Standard contract for wind energy conversion systems.

The Public Utilities Commission shall require a public utility subject to subdivision 1 to develop and file in a form acceptable to the commission by October 1, 1997, a standard form contract for the purchase of electricity from wind conversion systems with installed capacity of two megawatts and less. For purposes of applying the two megawatts limit, the installed capacity sold to the public utility from a single seller or affiliated group of sellers shall be cumulated. The standard contract shall include all the terms and conditions for purchasing wind-generated power by the utility, except for price and any other specific terms necessary to ensure system reliability and safety, which shall be separately negotiable.

216B.2424 BIOMASS POWER MANDATE.

Subdivision 1.

Farm-grown closed-loop biomass.

(a) For the purposes of this section, "farm-grown closed-loop biomass" means herbaceous crops, trees, agricultural waste, and aquatic plant matter that is used to generate electricity, but does not include mixed municipal solid waste, as defined in section 115A.03, and that:

(1) is intentionally cultivated, harvested, and prepared for use, in whole or in part, as a fuel for the generation of electricity;

(2) when combusted, releases an amount of carbon dioxide that is less than or approximately equal to the carbon dioxide absorbed by the biomass fuel during its growing cycle; and

(3) is fired in a new or substantially retrofitted electric generating facility that is:

(i) located within 400 miles of the site of the biomass production; and

(ii) designed to use biomass to meet at least 75 percent of its fuel requirements.

(b) The legislature finds that the negative environmental impacts within 400 miles of the facility resulting from transporting and combusting the biomass are offset in that region by the environmental benefits to air, soil, and water of the biomass production.

(c) Among the biomass fuel sources that meet the requirements of paragraph (a), clauses (1) and (2), are poplar, aspen, willow, switch grass, sorghum, alfalfa, cultivated prairie grass, and sustainably managed woody biomass.

(d) For the purpose of this section, "sustainably managed woody biomass" means:

(1) brush, trees, and other biomass harvested from within designated utility, railroad, and road rights-of-way;

(2) upland and lowland brush harvested from lands incorporated into brushland habitat management activities of the Minnesota Department of Natural Resources;

(3) upland and lowland brush harvested from lands managed in accordance with Minnesota Department of Natural Resources "Best Management Practices for Managing Brushlands";

(4) logging slash or waste wood that is created by harvest, by precommercial timber stand improvement to meet silvicultural objectives, or by fire, disease, or insect control treatments, and that is managed in compliance with the Minnesota Forest Resources Council's "Sustaining Minnesota Forest Resources: Voluntary Site-Level Forest Management Guidelines for Landowners, Loggers and Resource Managers" as modified by the requirement of this subdivision; and

(5) trees or parts of trees that do not meet the utilization standards for pulpwood, posts, bolts, or sawtimber as described in the Minnesota Department of Natural Resources Division of Forestry Timber Sales Manual, 1998, as amended as of May 1, 2005, and the Minnesota Department of Natural Resources Timber Scaling Manual, 1981, as amended as of May 1, 2005, except as provided in paragraph (a), clause (1), and this paragraph, clauses (1) to (3).

Subd. 1a.

Municipal waste-to-energy project.

(a) This subdivision applies only to a biomass project owned or controlled, directly or indirectly, by two municipal utilities as described in subdivision 5a, paragraph (b).

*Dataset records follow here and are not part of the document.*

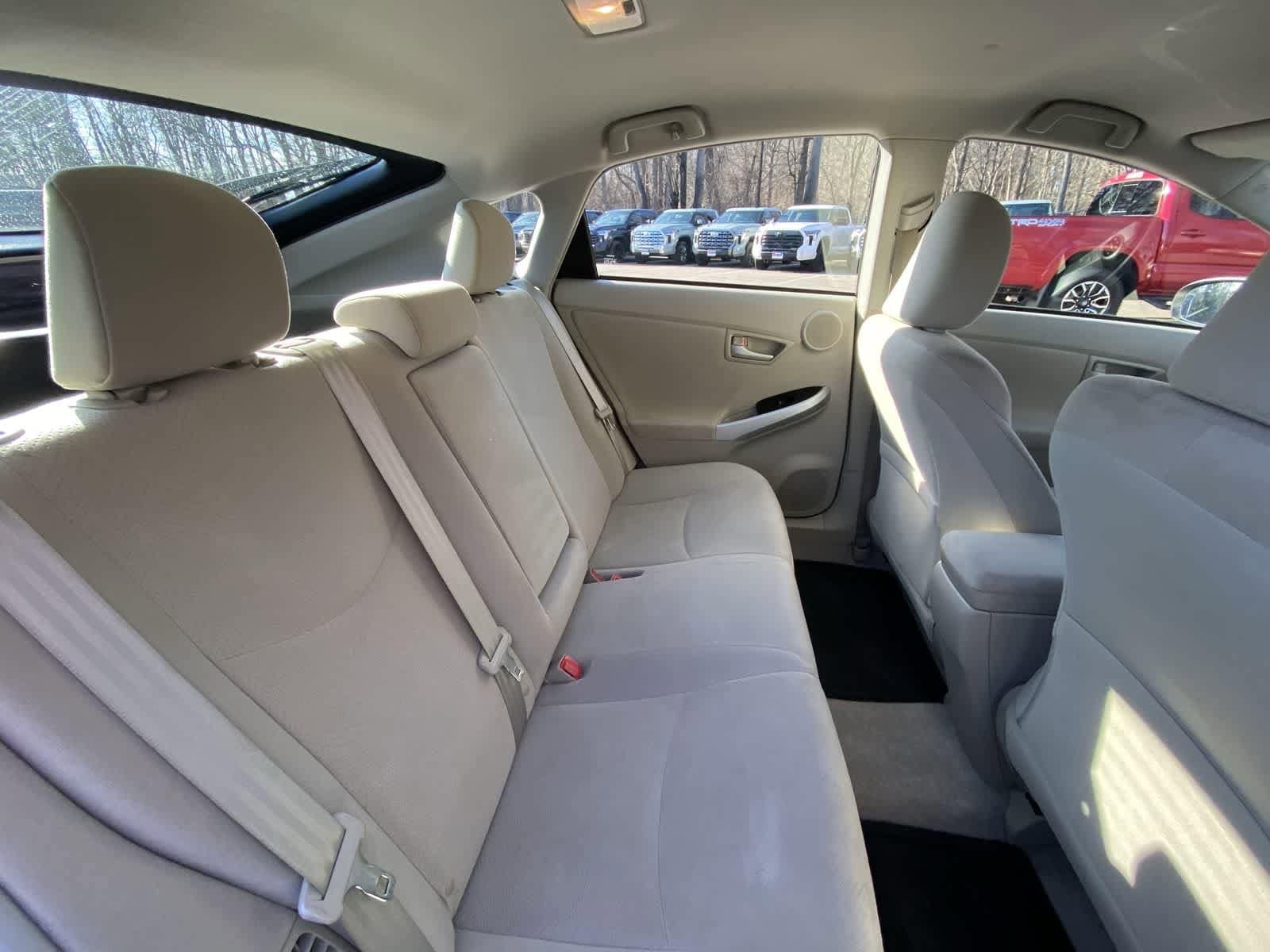 Thumbnail: 2011 Toyota Prius - 28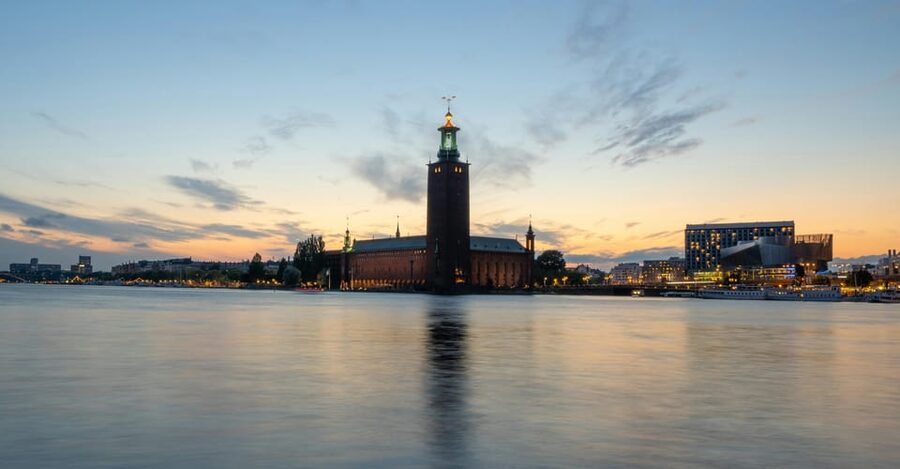 Stockholm Icons: Old Town & Riddarholmen Private Guided Tour - How the itinerary timing works for a two hour private tour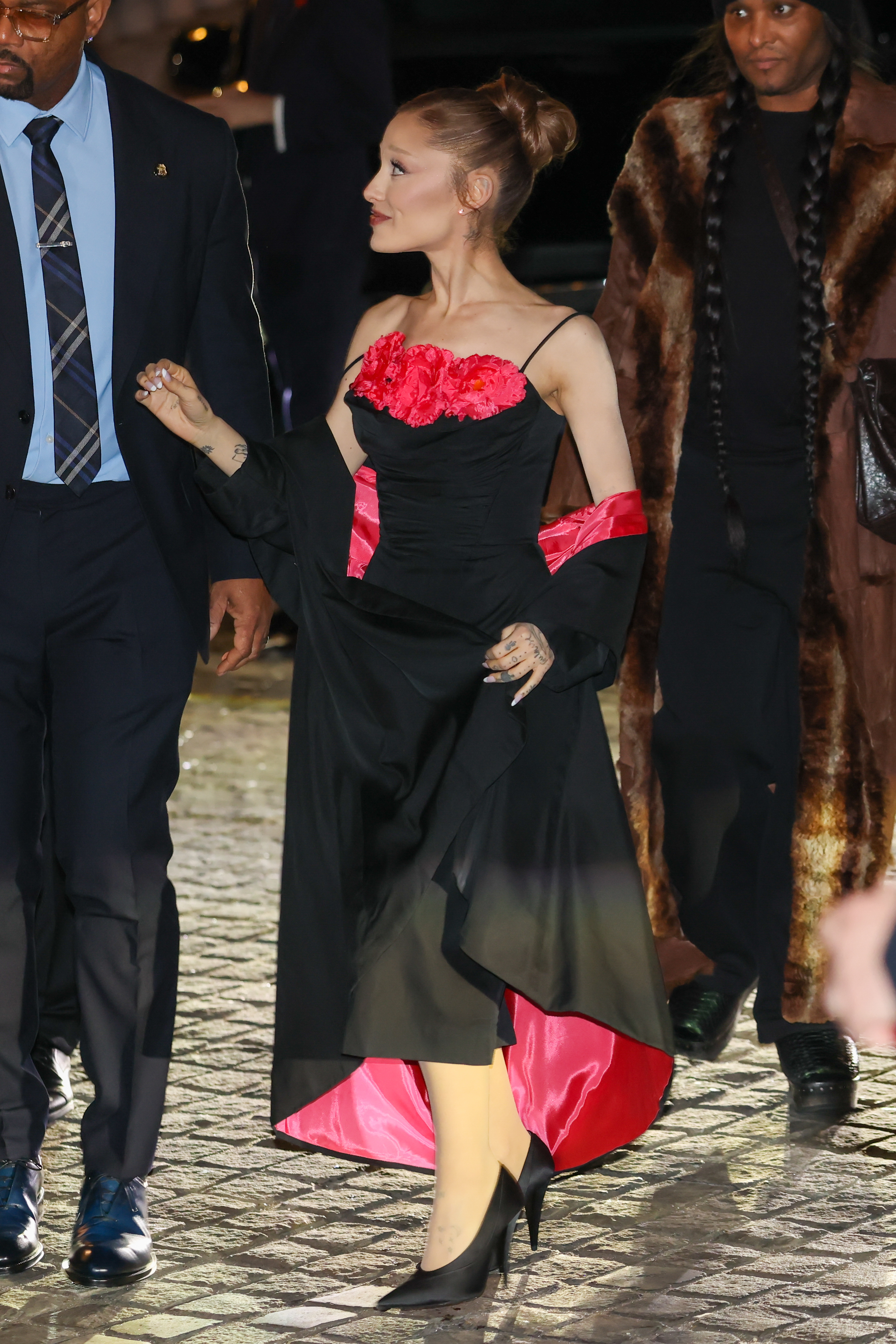 Ariana Grande wearing vintage lilli&#039;s diamonds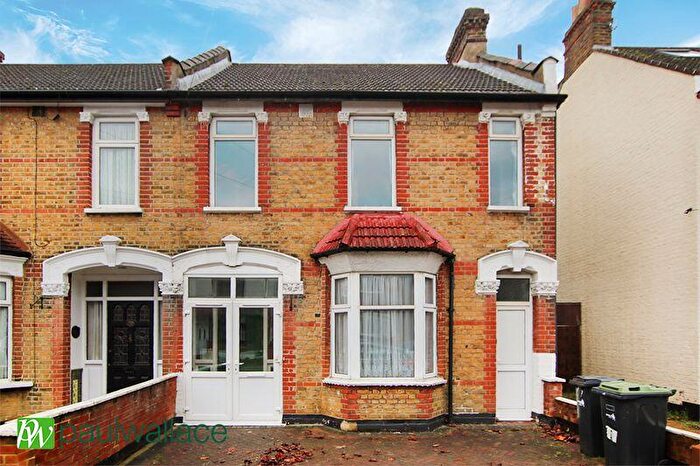 3 Bedroom End Of Terrace House For Sale In Park Road, Enfield, EN3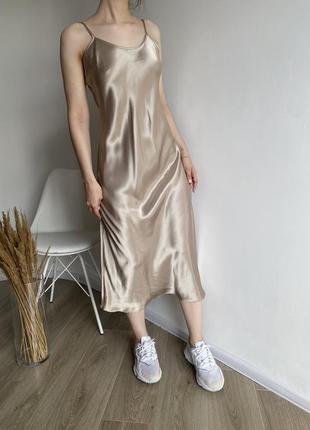 Сатинова атласна сукня міді на тонких бретелях з розрізами8 фото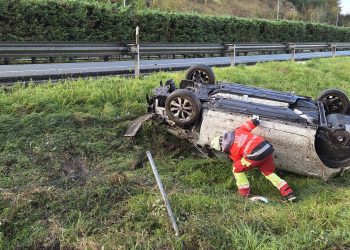 Una persona resulta herida tras volcar su coche en la A-8 a la altura de Laredo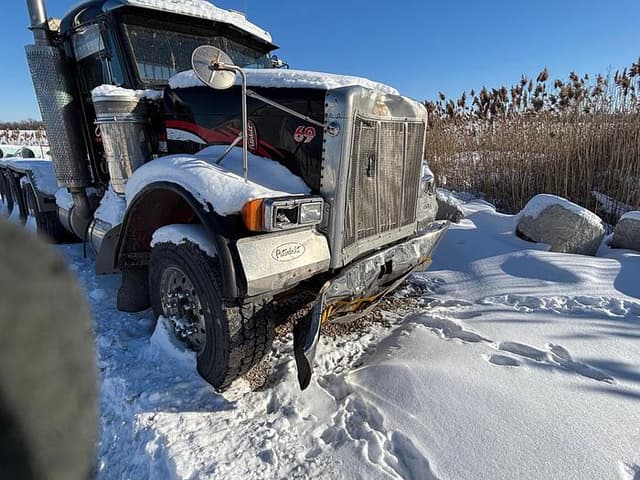 Image of Peterbilt 385 equipment image 1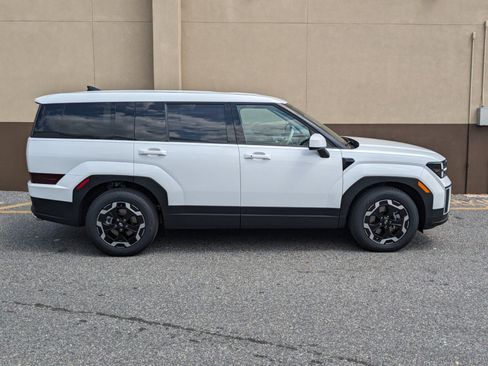 New 2026 Hyundai Santa Fe SE image 3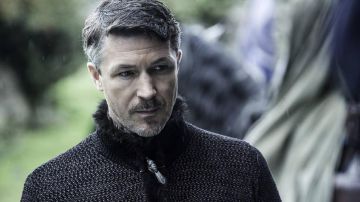 La broche de geai moqueur de Littlefinger (Aidan Gillen) dans Game of Thrones S06E04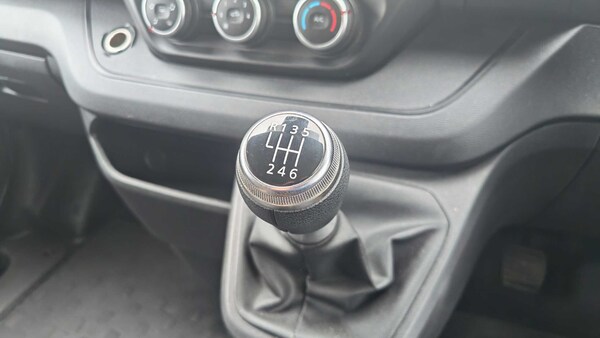 Used Renault Trafic 2023 for sale - 76298485: Photo 23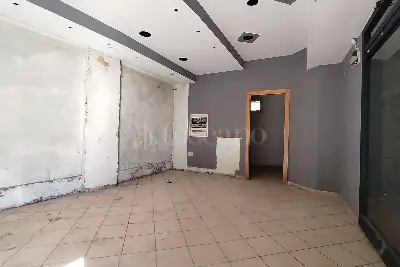 Negozio in affitto, Lungotevere degli Inventori, Roma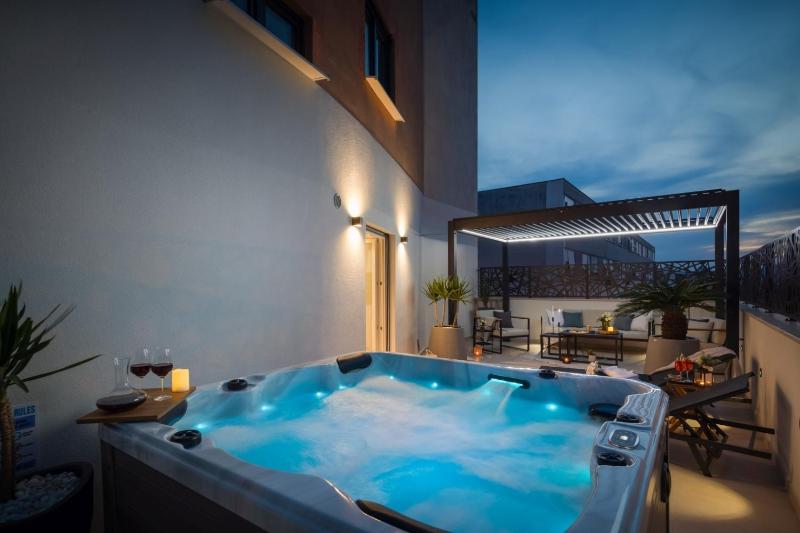 Luxury Apartment Silvery in Split center with jacuzzi sauna and parking - image 1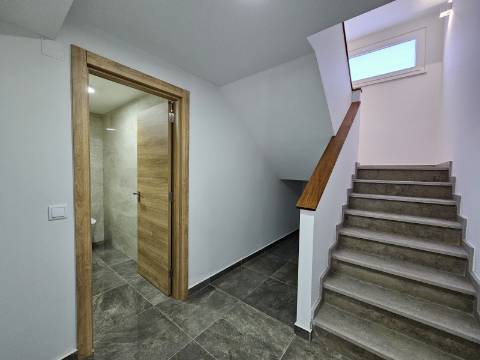 Nova moradia T4 com piscina, em Alverca, Vila Franca de Xira, Lisboa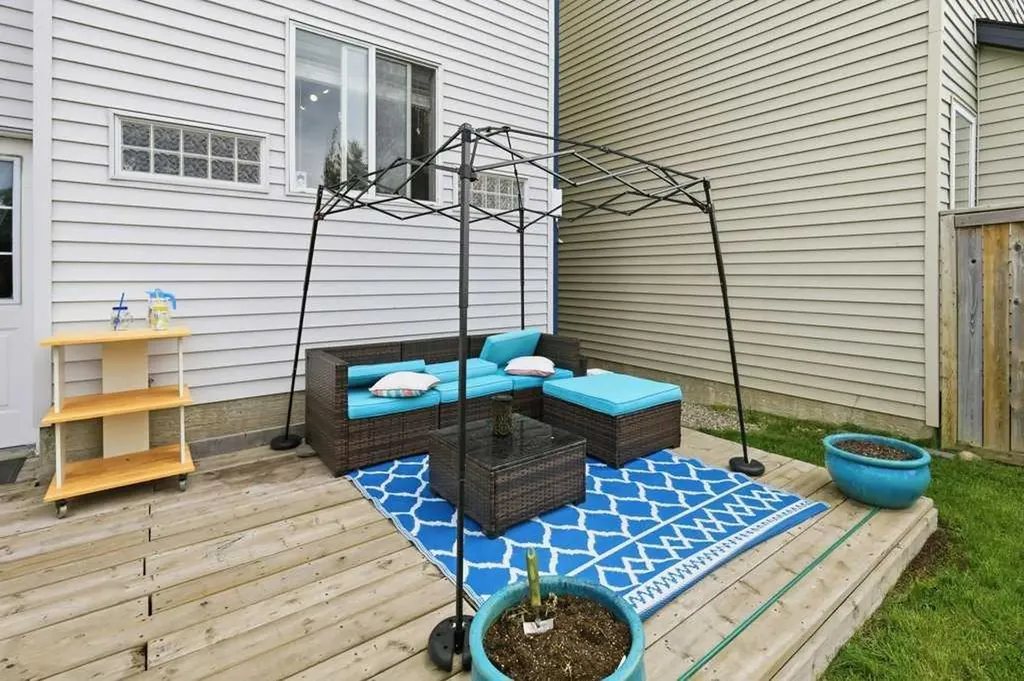 358 Prestwick Circle SE Calgary AB T2Z 4P4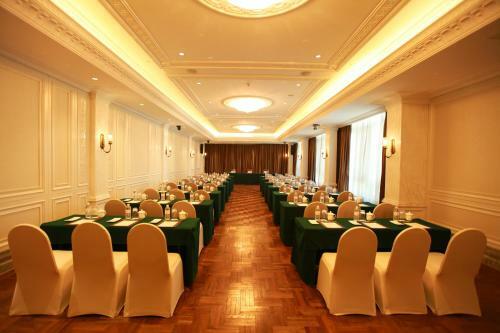 Shanghai Donghu Hotel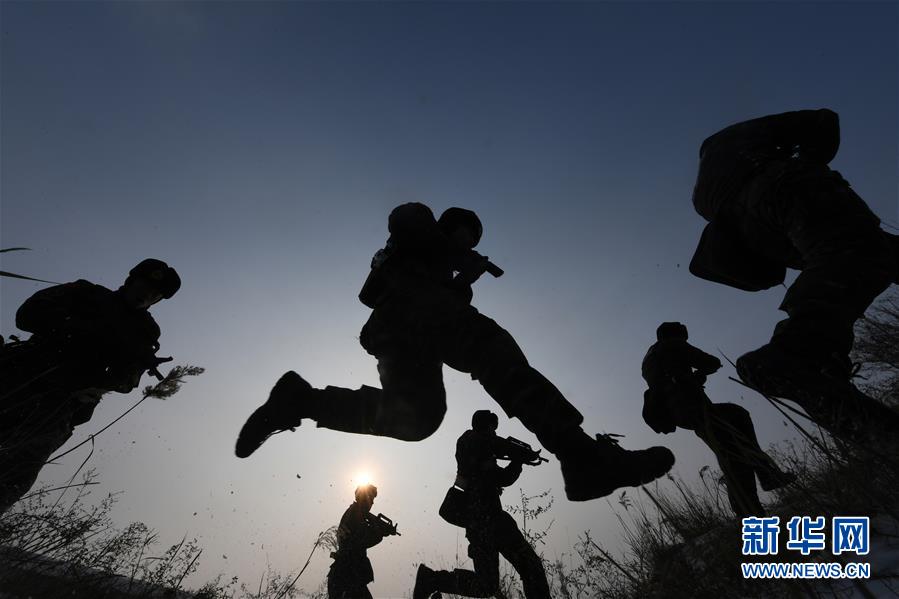 （新華全媒頭條&middot;圖文互動(dòng)）（12）備戰(zhàn)踏上新起點(diǎn)，練兵展現(xiàn)新氣象&mdash;&mdash;2018中國(guó)軍隊(duì)新年開訓(xùn)全景大掃描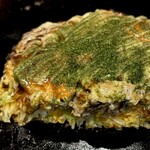 お好み焼 オモニ - 内外玉子なので、つなぎ生地も玉子風味でまろやか
      中央に散りばめられた油カスが秀逸ჱ̒ (^O^)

(b) Woody biomass from state-owned land must be harvested in compliance with an adopted management plan and a program of ecologically based third-party certification.

(c) The project must prepare a fuel plan on an annual basis after commercial operation of the project as described in the power contract between the project and the public utility, and must also prepare annually certificates reflecting the types of fuel used in the preceding year by the project, as described in the power contract. The fuel plans and certificates shall also be filed with the Minnesota Department of Natural Resources and the Minnesota Department of Commerce within 30 days after being provided to the public utility, as provided by the power contract. Any person who believes the fuel plans, as amended, and certificates show that the project does not or will not comply with the fuel requirements of this subdivision may file a petition with the commission seeking such a determination.

(d) The wood procurement process must utilize third-party audit certification systems to verify that applicable best management practices were utilized in the procurement of the sustainably managed biomass. If there is a failure to so verify in any two consecutive years during the original contract term, the farm-grown closed-loop biomass requirements of subdivision 2 must be increased to 50 percent for the remaining contract term period; however, if in two consecutive subsequent years after the increase has been implemented, it is verified that the conditions in this subdivision have been met, then for the remaining original contract term the closed-loop biomass mandate reverts to 25 percent. If there is a subsequent failure to verify in a year after the first failure and implementation of the 50 percent requirement, then the closed-loop percentage shall remain at 50 percent for each remaining year of the contract term.

(e) In the closed-loop plantation, no transgenic plants may be used.

(f) No wood may be harvested from any lands identified by the final or preliminary Minnesota County Biological Survey as having statewide significance as native plant communities, large populations or concentrations of rare species, or critical animal habitat.

(g) A wood procurement plan must be prepared every five years and public meetings must be held and written comments taken on the plan and documentation must be provided on why or why not the public inputs were used.

(h) Guidelines or best management practices for sustainably managed woody biomass must be adopted by:

(1) the Minnesota Department of Natural Resources for managing and maintaining brushland and open land habitat on public and private lands, including, but not limited to, provisions of sections 84.941, 84.942, and 97A.125; and

(2) the Minnesota Forest Resources Council for logging slash, using the most recent available scientific information regarding the removal of woody biomass from forest lands, to sustain the management of forest resources as defined by section 89.001, subdivisions 8 and 9, with particular attention to soil productivity, biological diversity as defined by section 89A.01, subdivision 3, and wildlife habitat.

These guidelines must be completed by July 1, 2007, and the process of developing them must incorporate public notification and comment.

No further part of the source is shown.